EXERCISE DIRECTIONS:
The result should be the lines from the one holding "To start, let's" to the final line of the records below, repeated exactly and with no pictures.
----
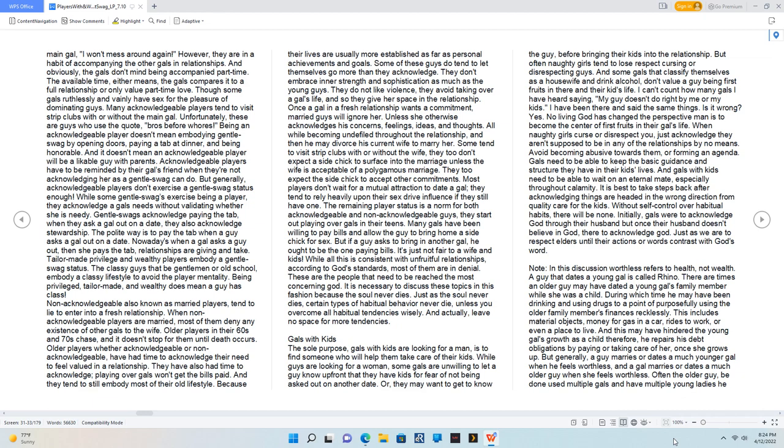Most players don't wait for a mutual attraction to date a gal, they tend to rely heavily upon their sex drive influence if they still have one. Many gals have been willing to pay bills and allow the guy to bring home a side chick for sex. But if a guy asks to bring in another gal, he ought to be the one paying bills. While all this is consistent with unfruitful relationships, according to God's standards, most of them are in denial. These are the people that need to be reached the most concerning God. Just as the soul never dies, certain types of habitual behavior never die, unless you overcome all habitual tendencies wisely.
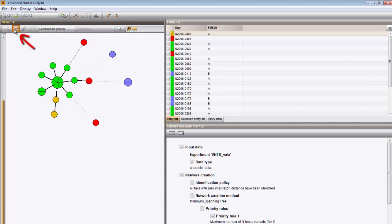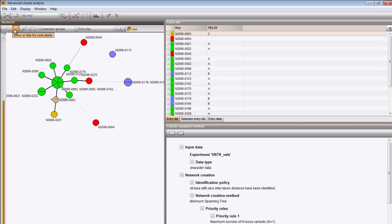This button will do the same. The branch labels can be shown as well, which in this case are the distances.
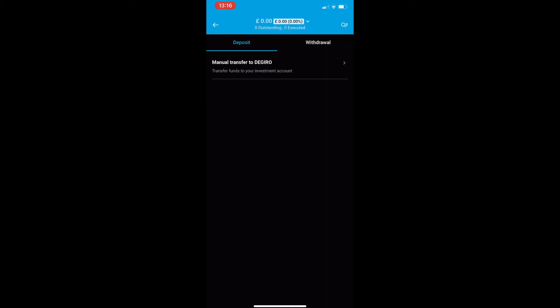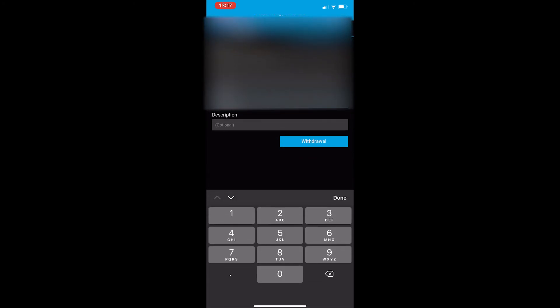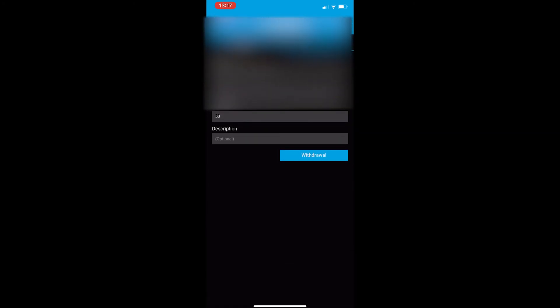Now once it opens up slide this to withdrawal and you can see it says from this Dijiro account. It then asks for your details. So once your details have been filled in right here the from and to just enter in the amount that you would like to send.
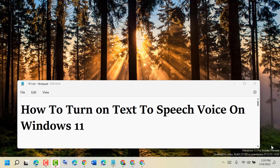Hello friends, today in this video I will show you how to turn on text-to-speech voice on Windows 11.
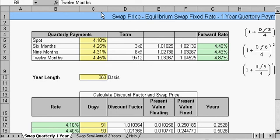In this spreadsheet, we're going to solve for the swap price, also known as the equilibrium swap price. This first spreadsheet is one year with quarterly payments — here are our quarterly payments at three months, six months, nine months, and twelve months.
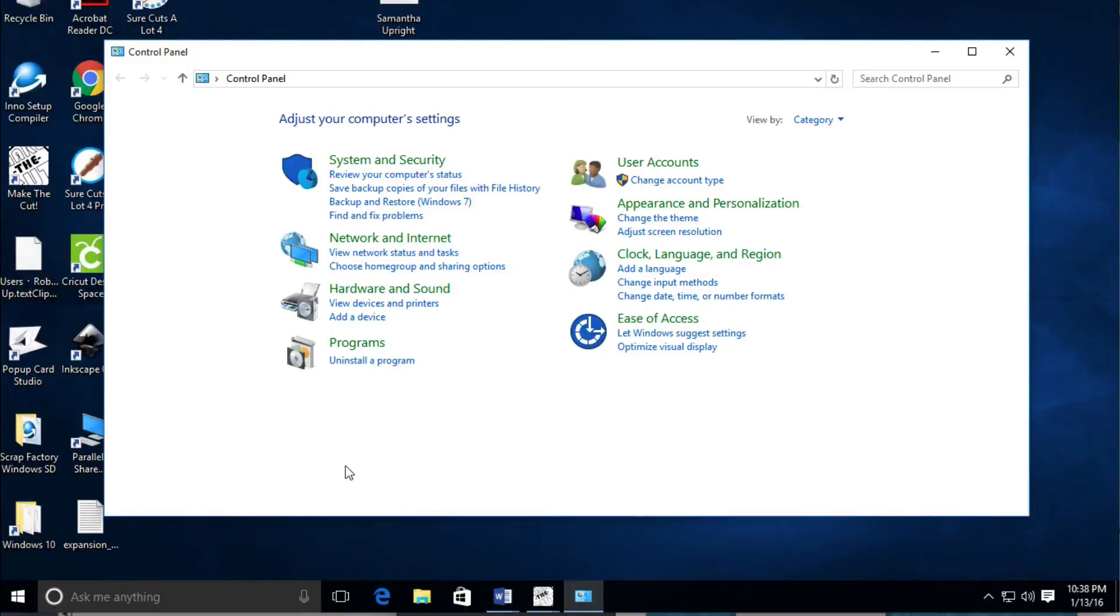Alright, so in this video lesson we're going to talk about how you can pair your Cricut machine with your Windows computer.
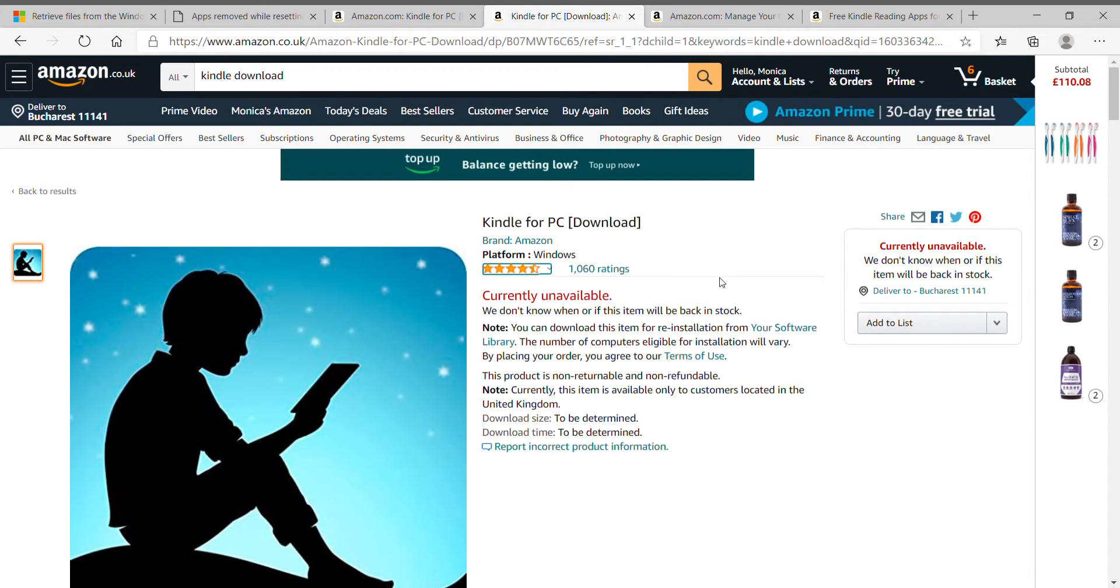Hi, in this video I will show you how to download Kindle for PC.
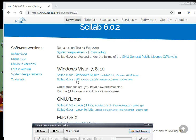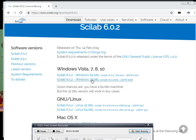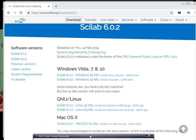Click on your desired version. After clicking, one file will be downloaded. After downloading the file, click on the setup file and follow the instructions, and it will be installed. In this way, you can download and install Scilab.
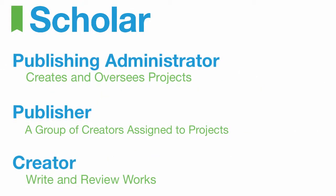To start, let's get familiar with Scholar terminology. In Scholar, publishing administrators assign projects to creators, organized into groups called publishers.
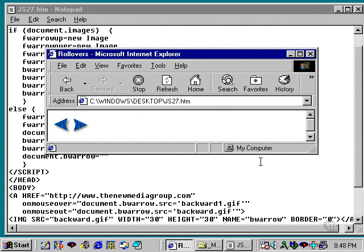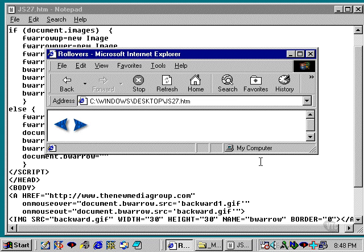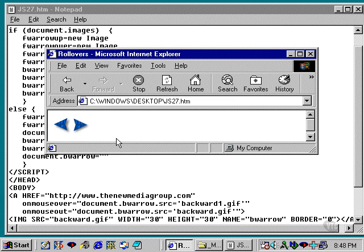Okay, here for completion, we have two rollovers on one page. I just want to show you the code and you can see how it's changed from the last example.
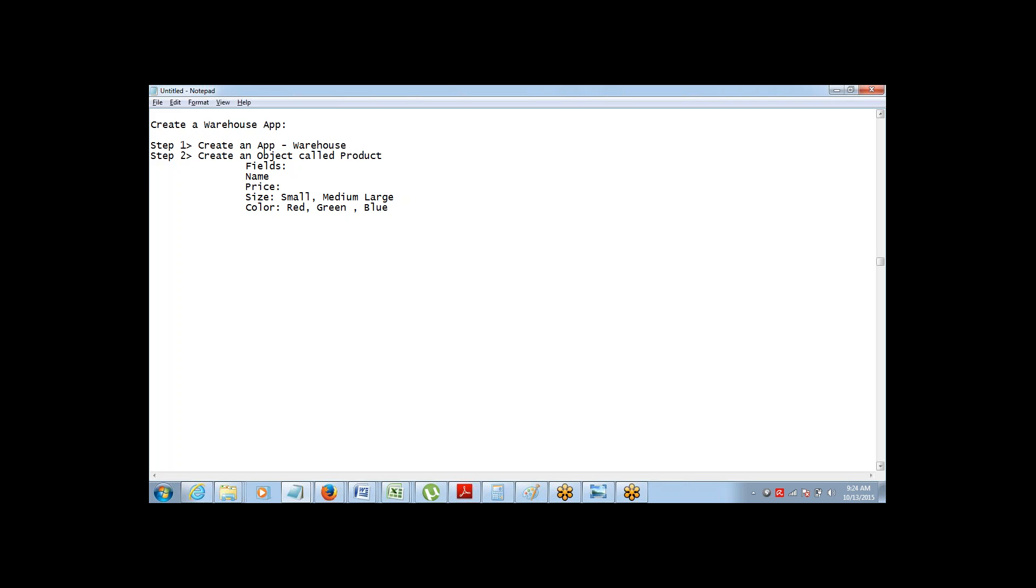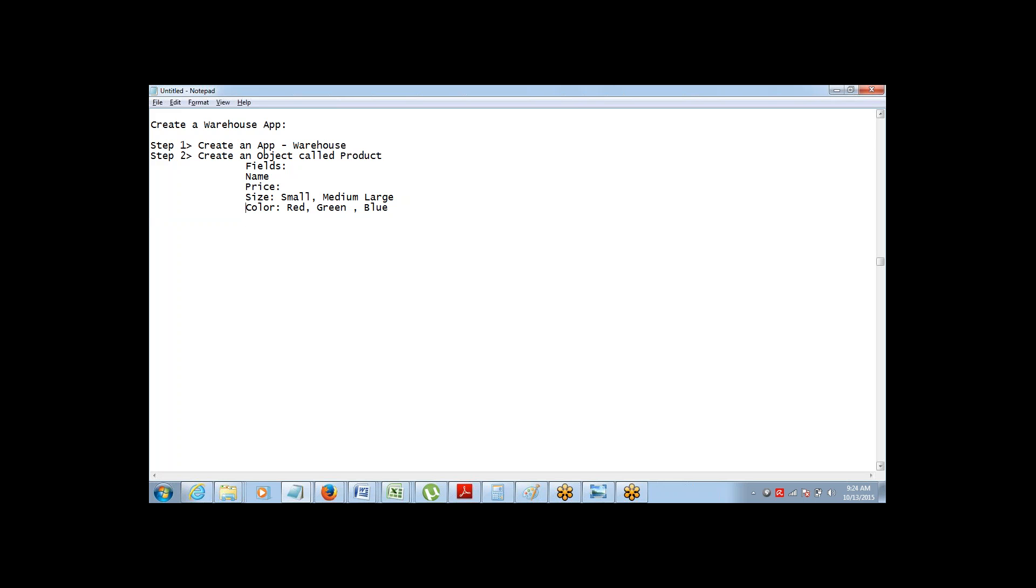So these are the fields that I need you to create for the product. Create an object called product. In that I want you to create the fields called name, price, size and color.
----
WRITTEN RESPONSE:
To start, let's get familiar with Scholar terminology. In Scholar, publishing administrators assign projects to creators, organized into groups called publishers.
Okay, here for completion, we have two rollovers on one page. I just want to show you the code and you can see how it's changed from the last example.
So these are the fields that I need you to create for the product. Create an object called product. In that I want you to create the fields called name, price, size and color.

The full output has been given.